PROVIDED RECORDS ->
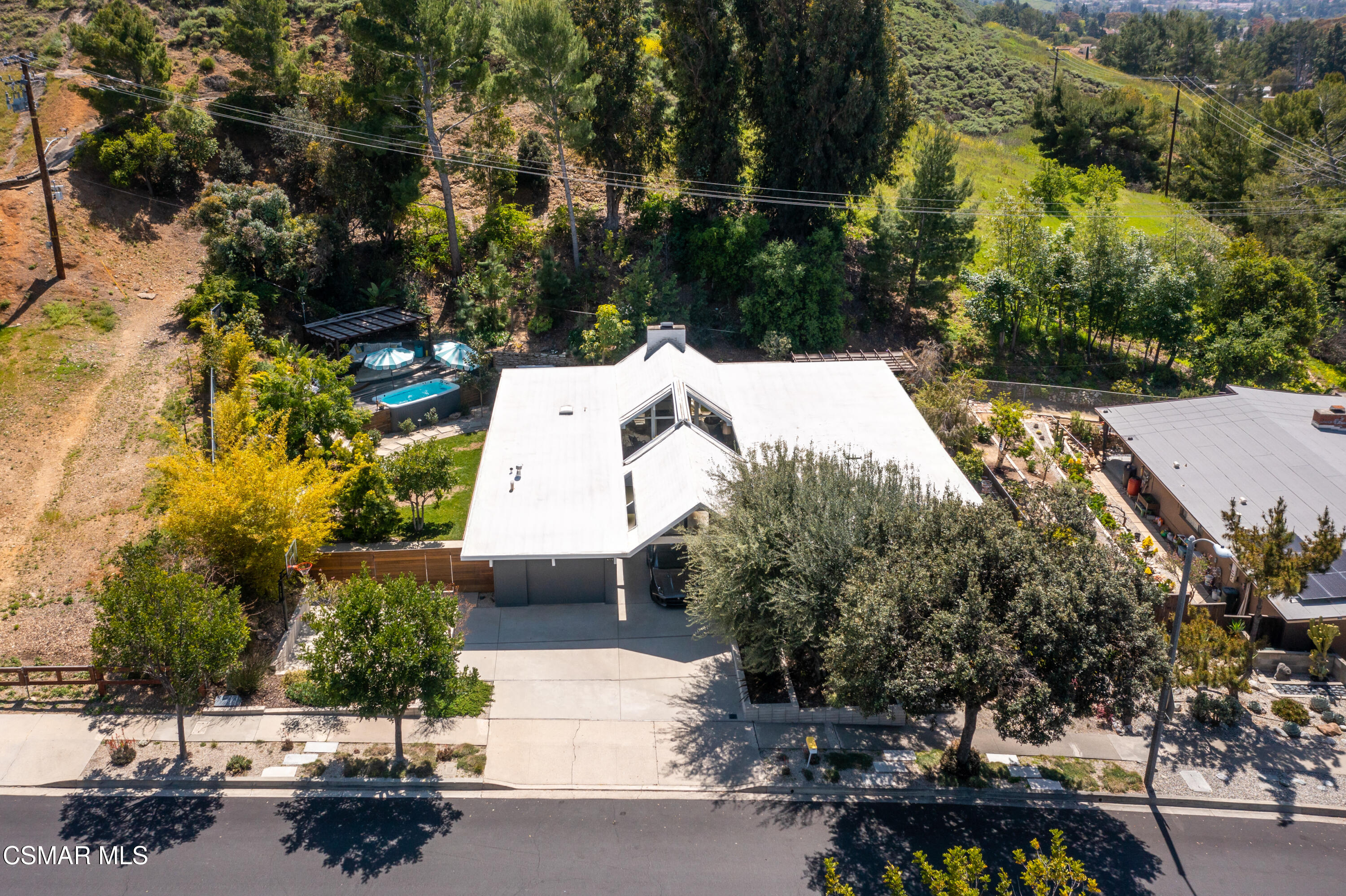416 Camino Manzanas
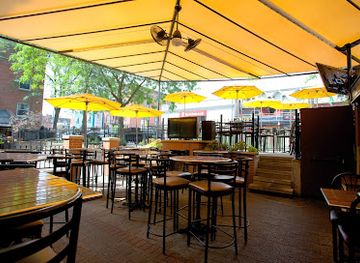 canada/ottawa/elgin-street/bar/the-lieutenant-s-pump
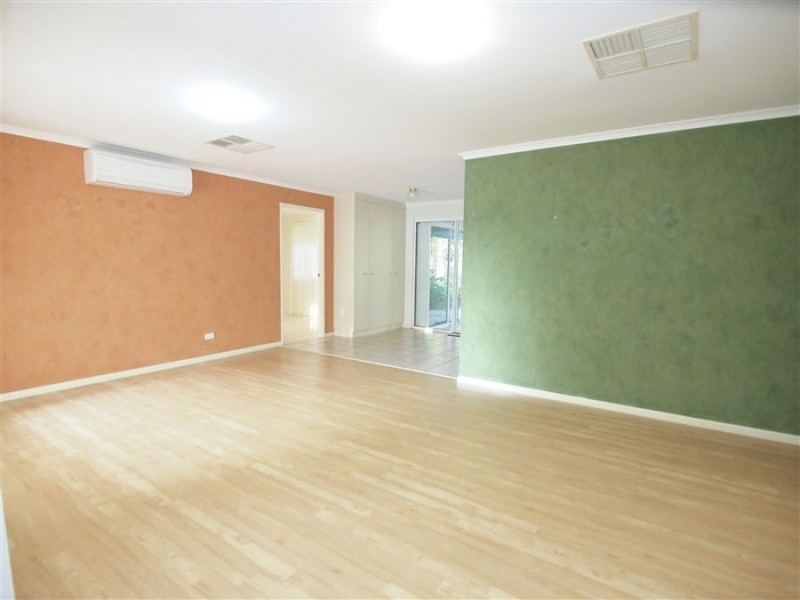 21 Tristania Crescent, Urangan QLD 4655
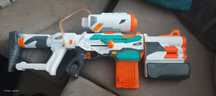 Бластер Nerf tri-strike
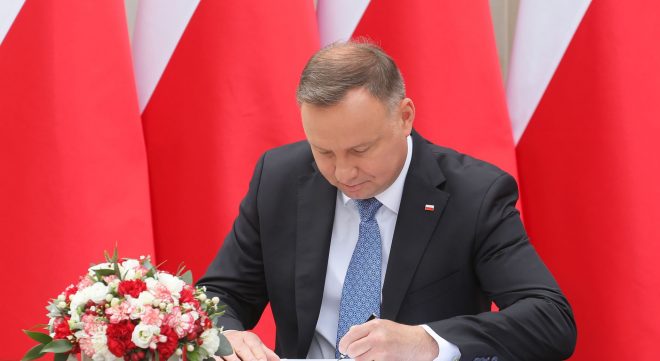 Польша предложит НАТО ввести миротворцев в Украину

WHAT IS EXPECTED -> Write out the entries above verbatim, without pictures.

RESULT OF THIS TASK ->
416 Camino Manzanas
 canada/ottawa/elgin-street/bar/the-lieutenant-s-pump
 21 Tristania Crescent, Urangan QLD 4655
 Бластер Nerf tri-strike
 Польша предложит НАТО ввести миротворцев в Украину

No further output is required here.